Distal 1/3 transverse colon, descending colon, sigmoid colon, rectum and proximal anal canal.
Distinguish the abdominopelvic tissues/structures whose lymph drains through pre-aortic and lumbar (para-aortic) lymph node groups, respectively.
Pre-aortic lymph nodes drain lymph from the GI tract and its accessory organs.

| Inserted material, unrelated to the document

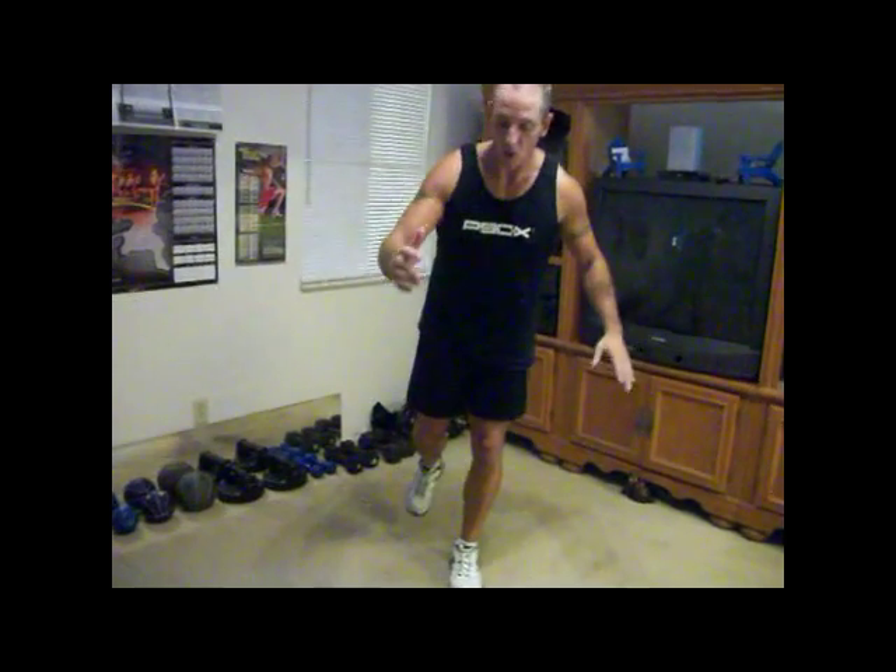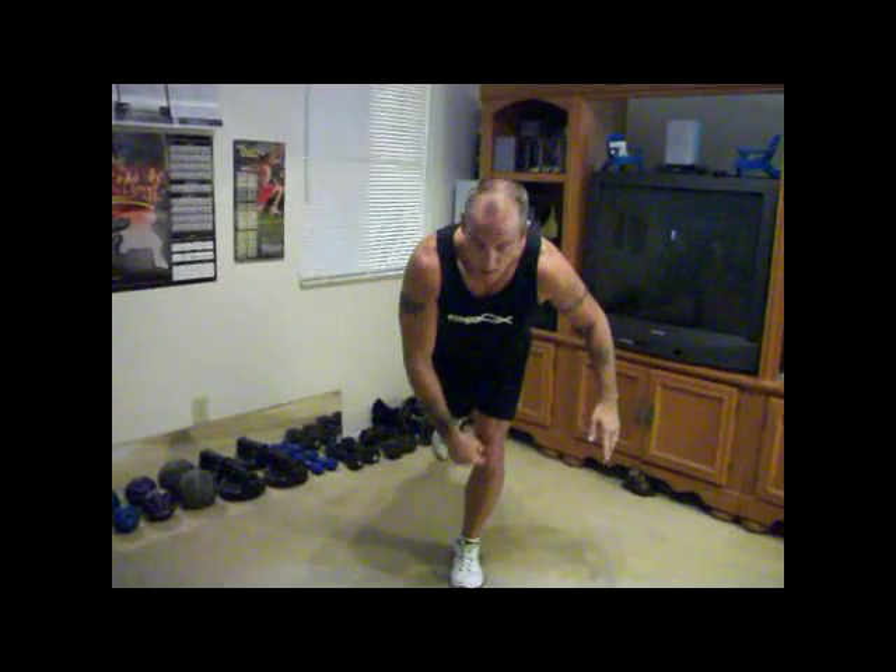That's the basic movement. Now you can get fancy with it — you can go all the way down like this. The lower you go, the more you're going to get out of it. Always keep your knee over your toe — all leg exercises, always the same.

Lumbar lymph nodes (para-aortic) are located on the lateral aspect of the abdominal aorta, and they drain lymph from the retroperitoneal viscera, pelvic viscera, deep body wall structures inferior to the umbilicus, and the lower limbs
List the spinal nerves that innervate the abdominal body wall
Innervation of the abdominal body wall is through branches of the ventral primary rami of the T7-L4 spinal nerves (thoraco-abdominal nerves)
Specify the arterial and nervous supply of the tissues of the perineum
Internal pudendal artery gives off rectal, perineal, dorsal penis/clitoris artery.
Internal pudendal nerve and gives off same nerve name branches as artery.
List the layers of the anterolateral abdominal wall starting from the skin and ending with the peritoneum
- Skin
- Superficial fascia
- Camper’s fascia (superficial fascia, fatty layer)
- Scarpa’s fascia (superficial fascia, membranous deep layer) – Strong enough to hold in sutures.
- Deep fascia
- Abdominal muscular layer (Each is encased with its own investing DEEP fascia)
- External oblique
- Internal oblique
- Transversus abdominis muscle
- Internal fascia (Endoabdominal fascia, transversus abdominis fascia)
- touches the parietal peritoneum
Specify the muscular components of the walls of the true pelvis
The right and left piriformis muscles and the right and left obturator internus muscles
Describe the function of the pelvic diaphragm and specify its muscular components.
The muscular pelvic diaphragm of the floor of the pelvic cavity provides support for the pelvic viscera and resists increases in intra-abdominal pressure that occur during forced expiration, coughing, vomiting, sneezing, urinating, defecating, and lifting heavy objects. Weaknesses of the pelvic diaphragm can lead to prolapse of pelvic organs and urinary and/or fecal incontinence.
Muscle of the pelvic diaphragm consist of the coccygeus and the levator ani (puborectalis, pubococcygeus, and iliococcygeus)
Specify the structures that create the median, medial, and lateral umbilical folds in the parietal peritoneum of the anterior abdominal wall
Median umbilical folds: is the midline fold in the parietal peritoneum formed by the obliterated urachus of the embryo.
Medial umbilical folds: created by the obliterated distal ends of the umbilical arteries of the fetus.
Lateral umbilical folds: The paired inferior epigastric arteries (and accompanying veins) that are underneath the parietal peritoneum.